**What the task requires**
Read through the listing and copy every line that contains the word "reserves".

**Dataset content**
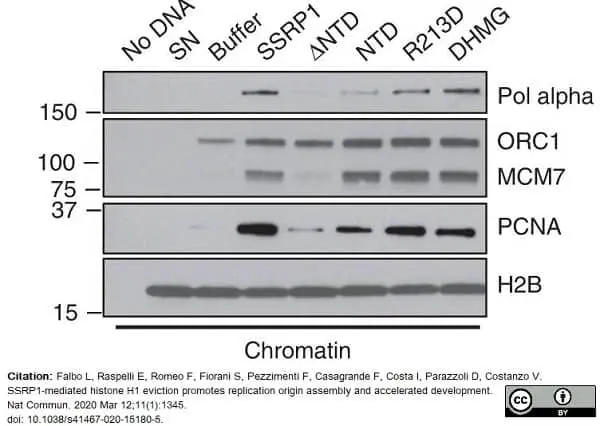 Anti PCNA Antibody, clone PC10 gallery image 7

==

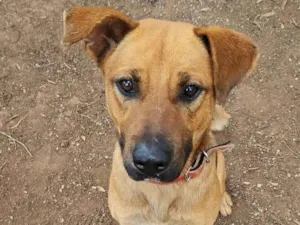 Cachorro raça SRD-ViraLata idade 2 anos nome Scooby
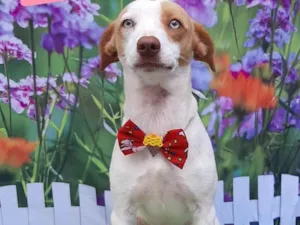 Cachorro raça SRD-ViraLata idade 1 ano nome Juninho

==

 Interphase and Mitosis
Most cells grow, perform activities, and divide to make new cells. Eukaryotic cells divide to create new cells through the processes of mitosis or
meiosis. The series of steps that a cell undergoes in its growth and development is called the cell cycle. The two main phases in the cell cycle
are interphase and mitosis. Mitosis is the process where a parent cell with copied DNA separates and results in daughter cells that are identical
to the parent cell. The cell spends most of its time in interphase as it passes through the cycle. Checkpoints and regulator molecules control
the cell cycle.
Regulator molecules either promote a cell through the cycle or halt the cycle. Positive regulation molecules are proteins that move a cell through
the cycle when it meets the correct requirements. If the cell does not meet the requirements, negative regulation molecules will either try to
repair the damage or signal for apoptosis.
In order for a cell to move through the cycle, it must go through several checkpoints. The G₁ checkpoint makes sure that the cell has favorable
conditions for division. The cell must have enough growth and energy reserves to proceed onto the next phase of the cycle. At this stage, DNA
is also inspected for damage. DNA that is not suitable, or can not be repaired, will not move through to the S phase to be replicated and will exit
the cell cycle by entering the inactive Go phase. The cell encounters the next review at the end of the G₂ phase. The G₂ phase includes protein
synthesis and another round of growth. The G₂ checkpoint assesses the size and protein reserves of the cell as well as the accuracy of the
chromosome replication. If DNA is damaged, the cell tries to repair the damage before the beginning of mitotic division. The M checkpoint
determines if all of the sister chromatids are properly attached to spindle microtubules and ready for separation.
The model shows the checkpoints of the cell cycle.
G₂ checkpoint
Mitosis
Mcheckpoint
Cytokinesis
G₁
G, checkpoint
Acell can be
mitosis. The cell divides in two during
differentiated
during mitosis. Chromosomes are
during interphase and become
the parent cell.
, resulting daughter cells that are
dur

**Answer for this exercise**
conditions for division. The cell must have enough growth and energy reserves to proceed onto the next phase of the cycle. At this stage, DNA
synthesis and another round of growth. The G₂ checkpoint assesses the size and protein reserves of the cell as well as the accuracy of the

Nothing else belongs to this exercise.